- **What to work on**
Directions for the data below: repeat exactly the lines from the one with "Obraz premium Single" through the one with "tyngdetæppe 220x235 cm", both included, and omit all pictures.

- **Record extracts**
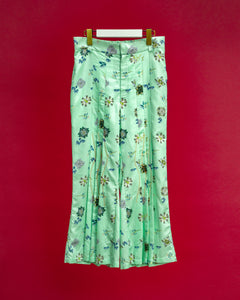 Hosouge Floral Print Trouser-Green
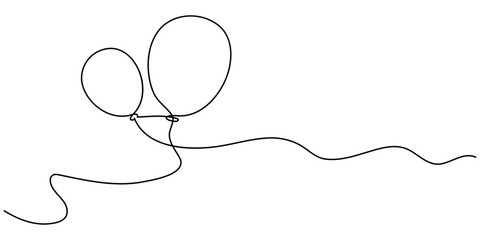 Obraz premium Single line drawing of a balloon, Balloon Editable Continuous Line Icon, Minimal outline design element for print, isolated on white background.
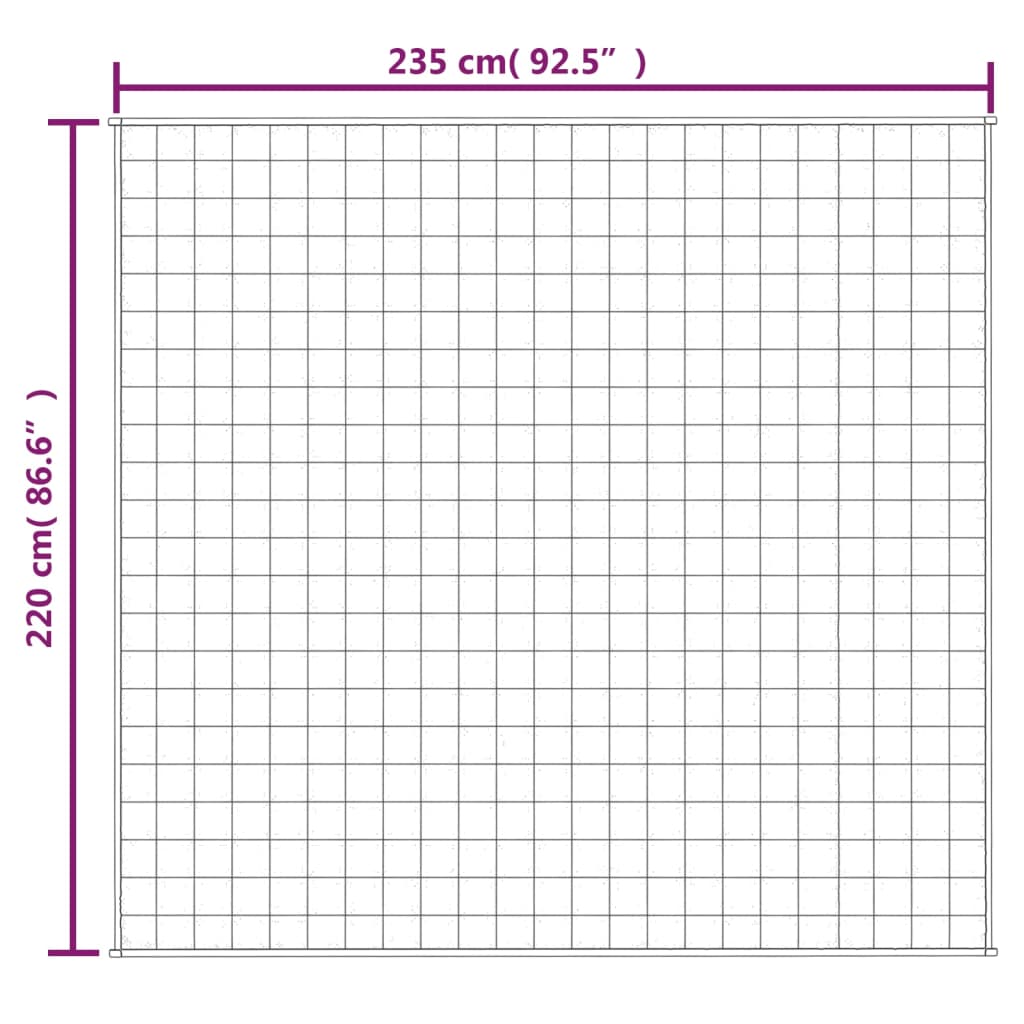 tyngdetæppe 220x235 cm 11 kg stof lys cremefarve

==

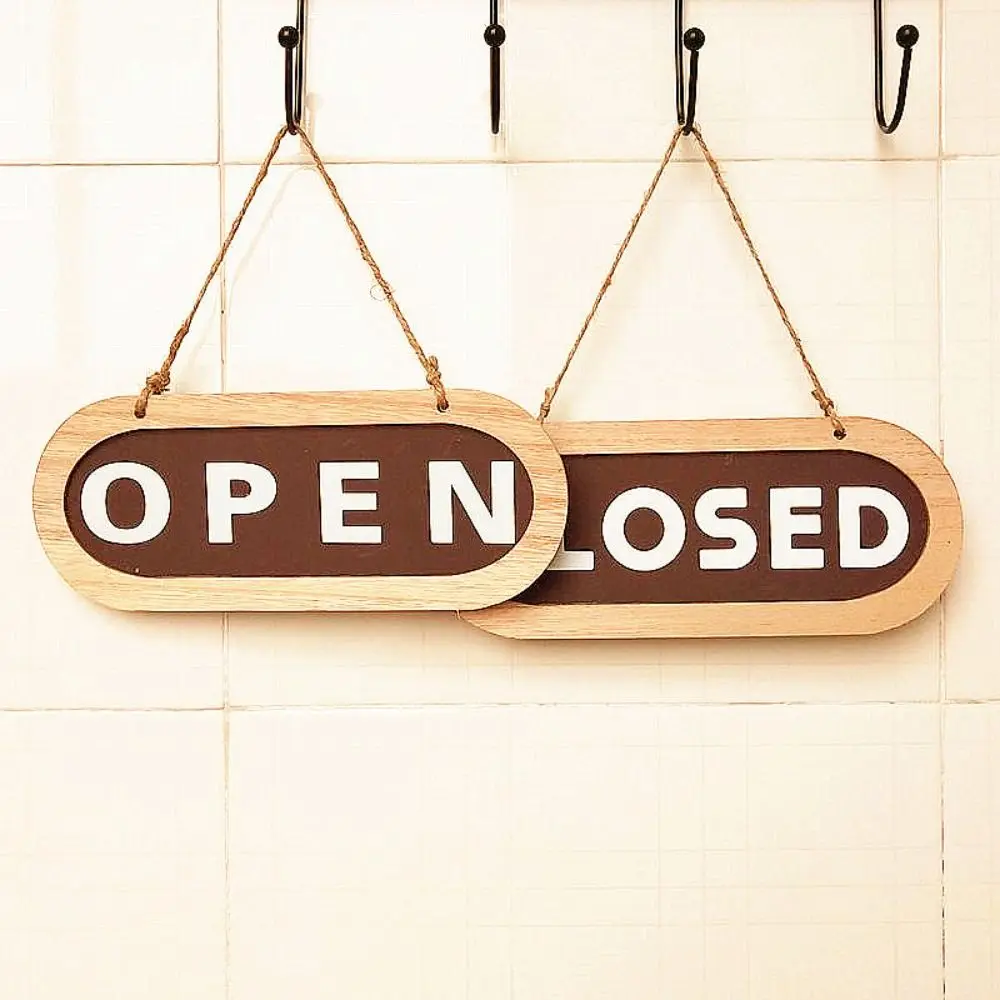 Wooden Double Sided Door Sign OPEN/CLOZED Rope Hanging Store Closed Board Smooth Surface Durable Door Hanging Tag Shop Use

- **Exercise solution**
 Obraz premium Single line drawing of a balloon, Balloon Editable Continuous Line Icon, Minimal outline design element for print, isolated on white background.
 tyngdetæppe 220x235 cm 11 kg stof lys cremefarve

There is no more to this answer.